*Task statement*.
From the first line to the last, retype everything below exactly, minus the pictures.

*Data section*.
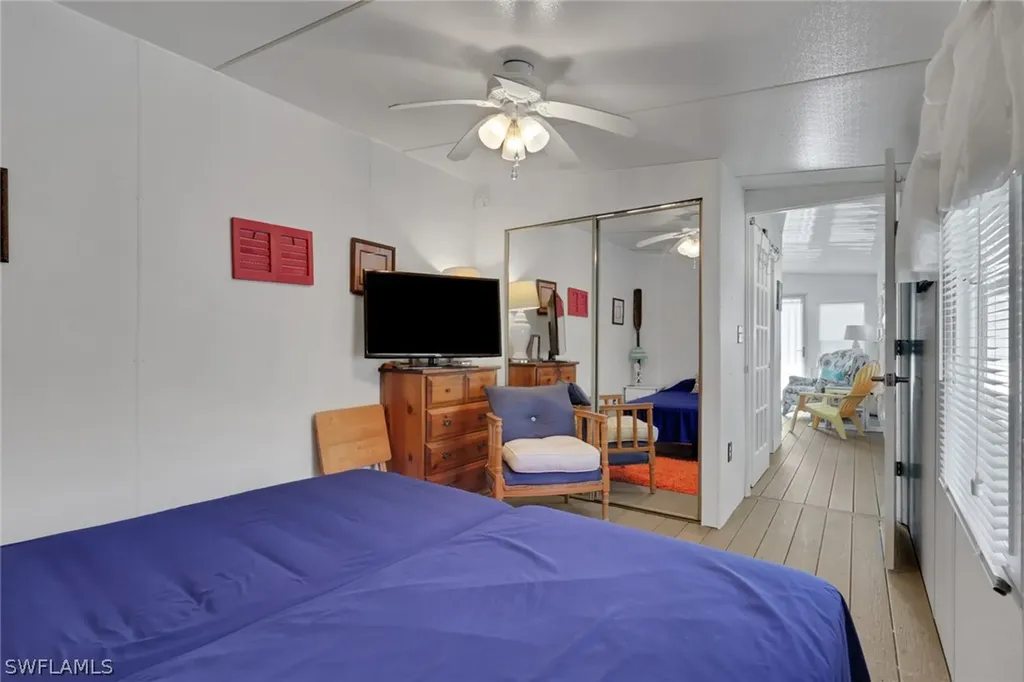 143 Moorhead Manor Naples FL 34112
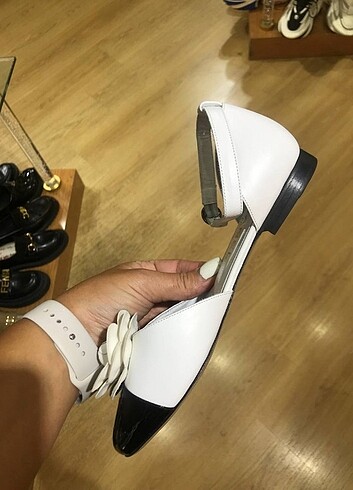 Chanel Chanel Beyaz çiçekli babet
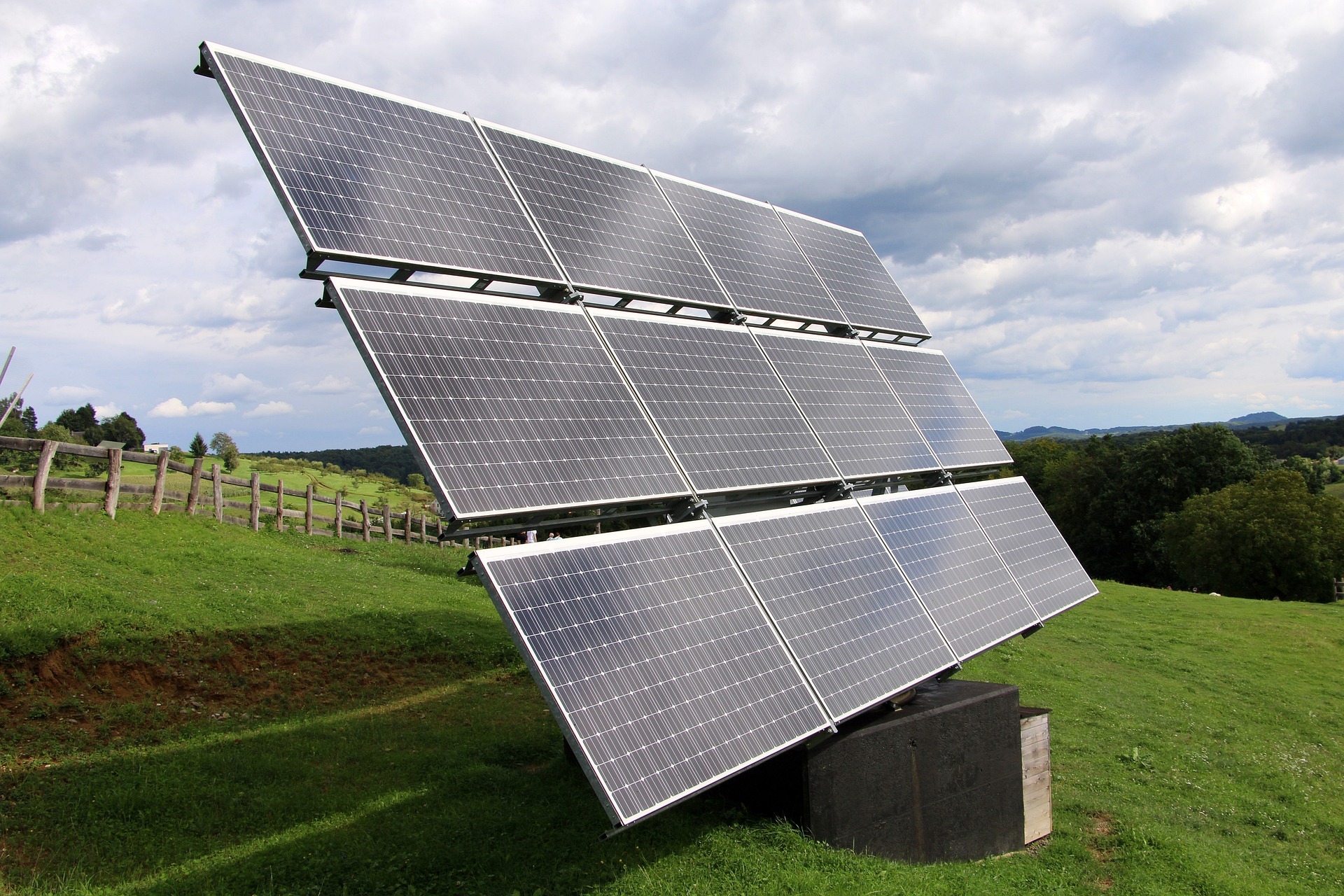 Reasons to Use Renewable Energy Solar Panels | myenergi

*Solution to this problem*.
 143 Moorhead Manor Naples FL 34112
 Chanel Chanel Beyaz çiçekli babet
 Reasons to Use Renewable Energy Solar Panels | myenergi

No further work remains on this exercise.